■ **Exercise details**:
Where a picture appears, leave it out, and transcribe all the lines below exactly.

Recorded data
>>>>>
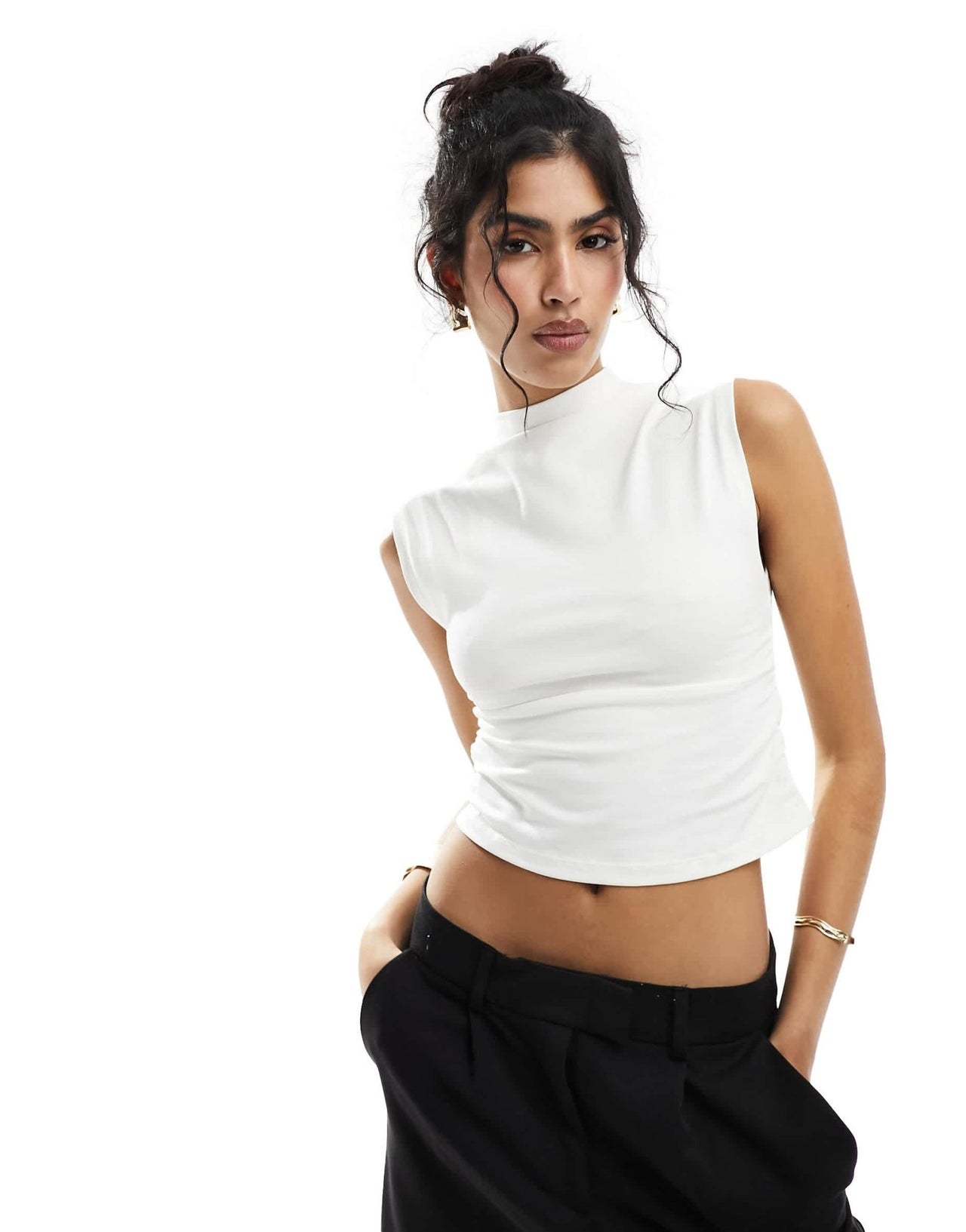 New Look ruched side tank top in off white - ASOS Sample Sale EU Store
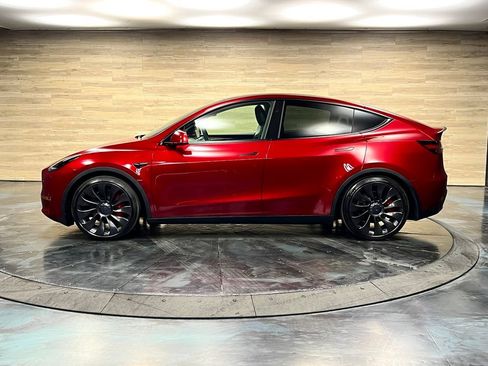 Used 2024 Tesla Model Y Performance AWD/4WD image 20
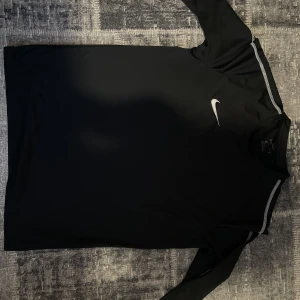 Nike dri fit - Använd endast två gånger, i nyskick! 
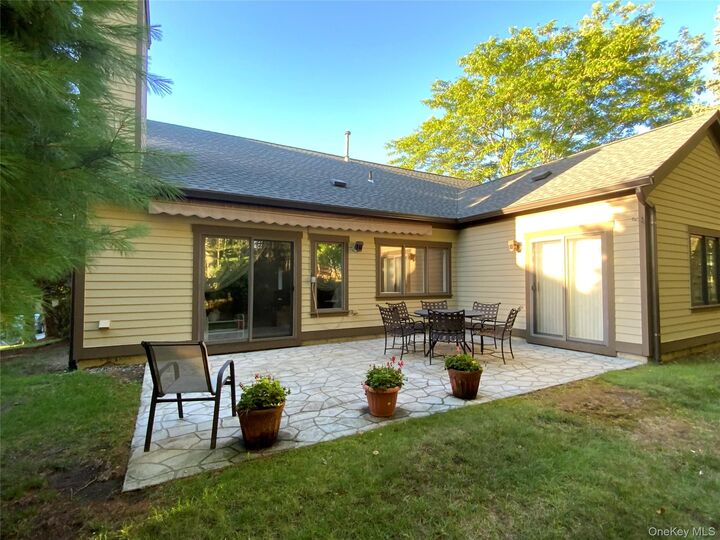 Property Photo:  813 Heritage Hills  NY 10589 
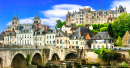 Cidade Medieval de Saint-Aignan, França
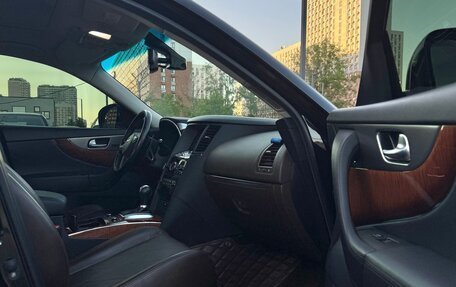 Infiniti QX70, 2015 год, 3 500 000 рублей, 11 фотография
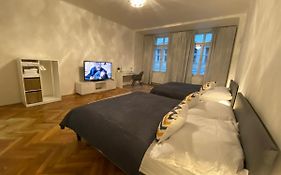 Wenceslas Square Big Apartment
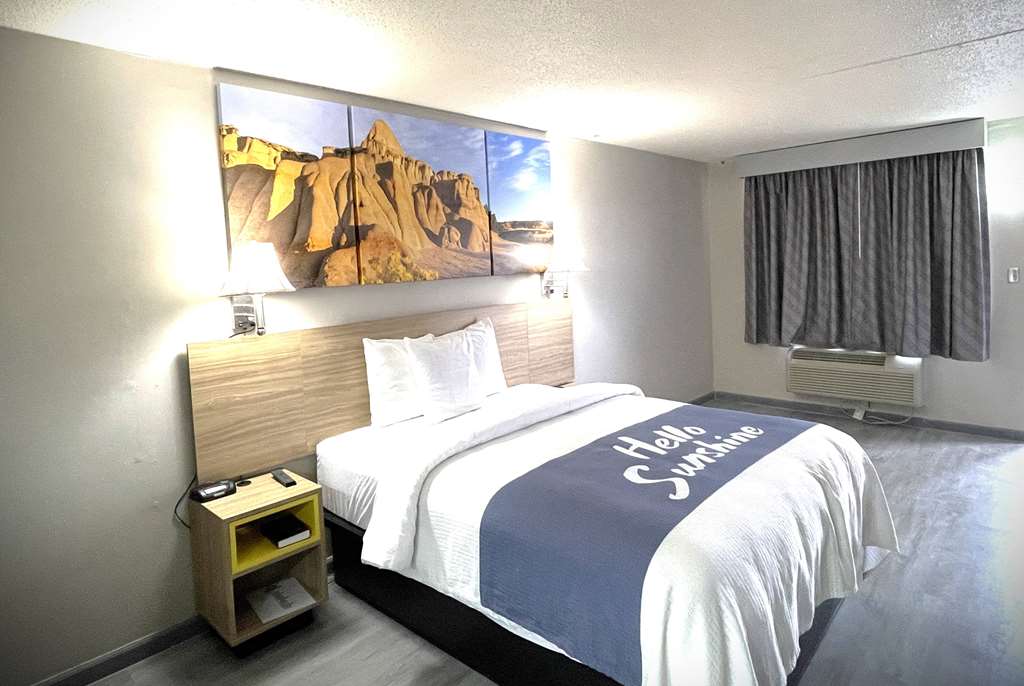 Days Inn by Wyndham Salina South - photo 18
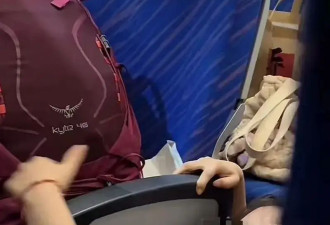 “他还是孩子”！飞机上有乘客打架，南航回应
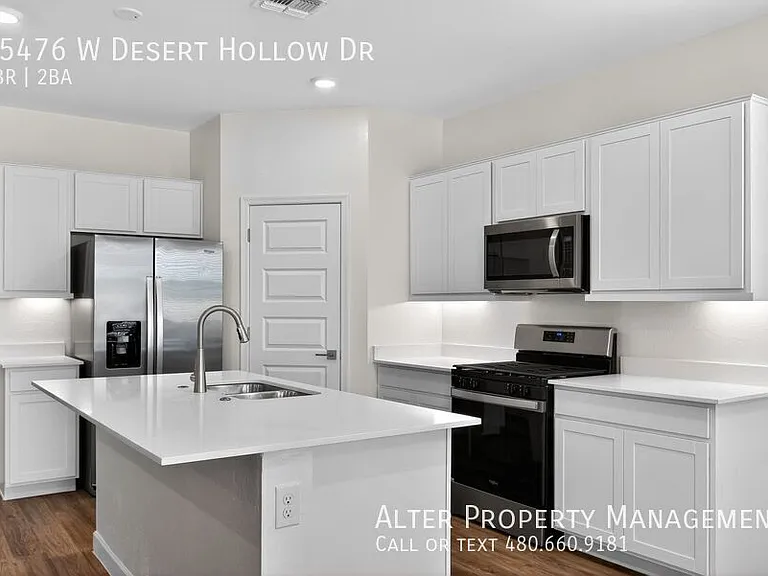 15476 W Desert Hollow Dr — Photo 23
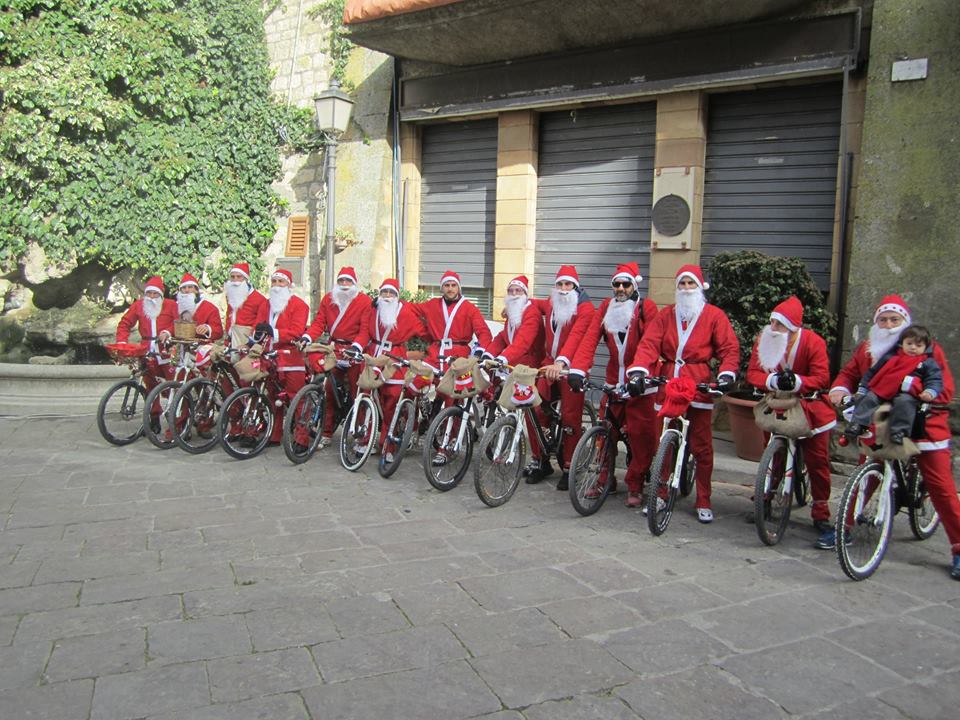 babbo natale bicicletta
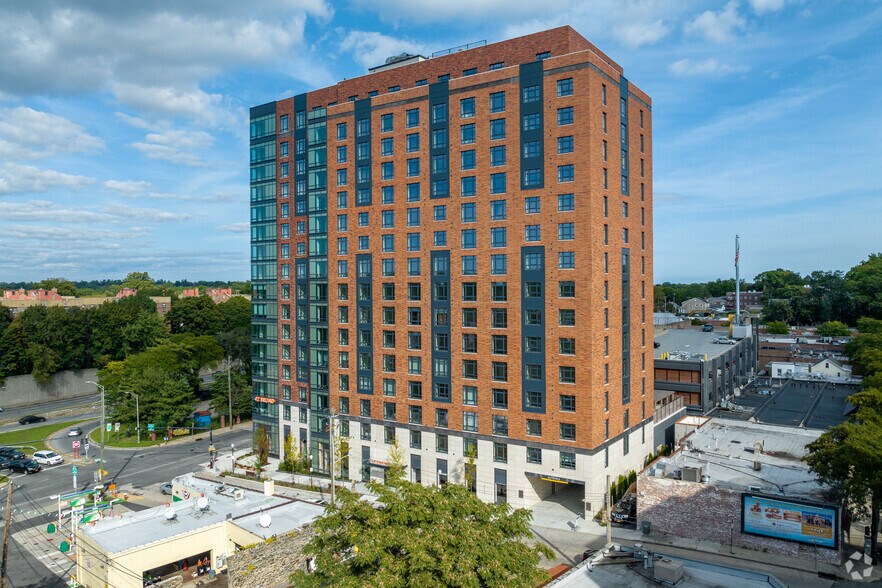 Primary Photo Of 42 Broad St W, Mount Vernon Apartments For Lease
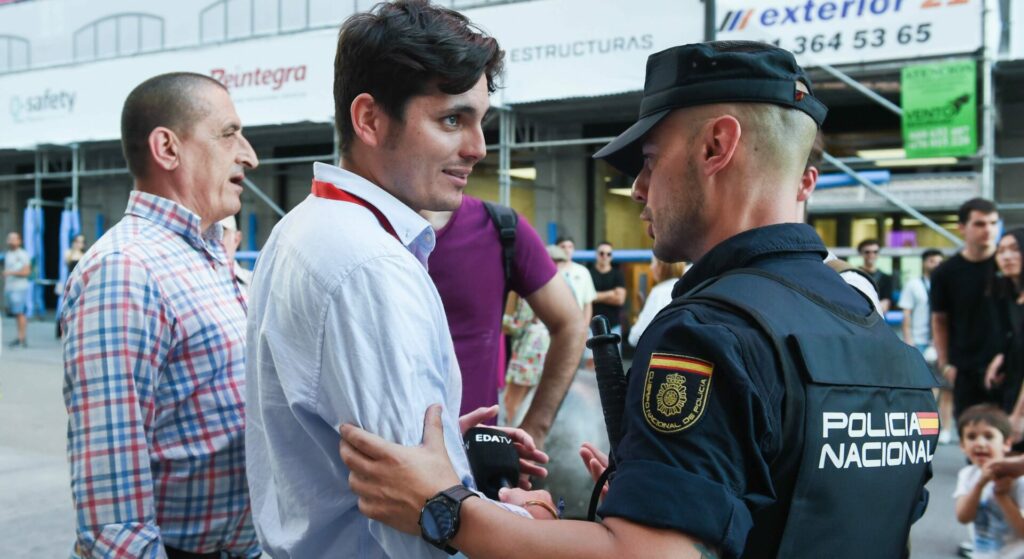 Vito Quiles expedientado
<<<<<
■ **Response to the exercise**:
 New Look ruched side tank top in off white - ASOS Sample Sale EU Store
 Used 2024 Tesla Model Y Performance AWD/4WD image 20
 Nike dri fit - Använd endast två gånger, i nyskick! 
 Property Photo:  813 Heritage Hills  NY 10589 
 Cidade Medieval de Saint-Aignan, França
 Infiniti QX70, 2015 год, 3 500 000 рублей, 11 фотография
 Wenceslas Square Big Apartment
 Days Inn by Wyndham Salina South - photo 18
 “他还是孩子”！飞机上有乘客打架，南航回应
 15476 W Desert Hollow Dr — Photo 23
 babbo natale bicicletta
 Primary Photo Of 42 Broad St W, Mount Vernon Apartments For Lease
 Vito Quiles expedientado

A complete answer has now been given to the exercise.